Babergh is not in this position, having managed to get its plan past the Inspector last year.  This is a good thing because those authorities that do not have an adopted plan in place are particularly vulnerable to being forced to approve planning applications that are inappropriate to their local situation.  This is because the NP guidelines, which are very vague, take precedence over local considerations.

Where local authorities without adopted plans have refused planning permission, and the developer has gone on to appeal, the number of successful appeals has massively increased in percentage terms.  This means that inspectors from Bristol, who have no knowledge of local circumstances, have been able to ride roughshod over the wishes of local people.  I fear that a good deal of English countryside will be blighted by inappropriate schemes as a result, and this is a fear that is shared by the Council for the Preservation of Rural England (CPRE).

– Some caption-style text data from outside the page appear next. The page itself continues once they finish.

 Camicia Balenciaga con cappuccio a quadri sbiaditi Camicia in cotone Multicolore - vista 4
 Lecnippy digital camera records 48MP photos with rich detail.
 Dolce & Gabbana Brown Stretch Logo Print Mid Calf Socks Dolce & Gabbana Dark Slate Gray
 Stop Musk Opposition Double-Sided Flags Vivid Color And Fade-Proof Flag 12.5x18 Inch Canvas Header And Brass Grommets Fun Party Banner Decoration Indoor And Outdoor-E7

The most recent decision at Babergh that went to appeal was the decision to refuse permission for houses on the Fleetwood Caravan site in Long Melford.  I am happy to say that the decision of the planning committee was upheld on appeal.   I wonder if the result would have been the same if we had not managed to get the Local Plan adopted?

A trip to middle England.

We have spent the weekend in the Midlands, visiting a number of old friends and taking in some cultural experiences.

Angela's magic flower garden
We were in Worcestershire for the first two nights where we spent time with friends who live close to Tenbury Wells looking over the Teme Valley.  They have an astonishing herbaceous border, pictured above.

Then on to Stratford, the town where I spent much of my childhood. Stratford is a key point on the canal system since the Stratford Canal, which runs down from Birmingham. enters the River Avon at this point.  From here it is possible to sail down to the River Severn and ultimately to the sea.

There are always a few narrow boats moored in the Stratford Basin.  However, this year our arrival coincided with the annual Water Festival, when hundreds of craft congregate for a weekend of friendship and music.  The many colourful boats moored along the bank of the Recreation Ground were a fine sight.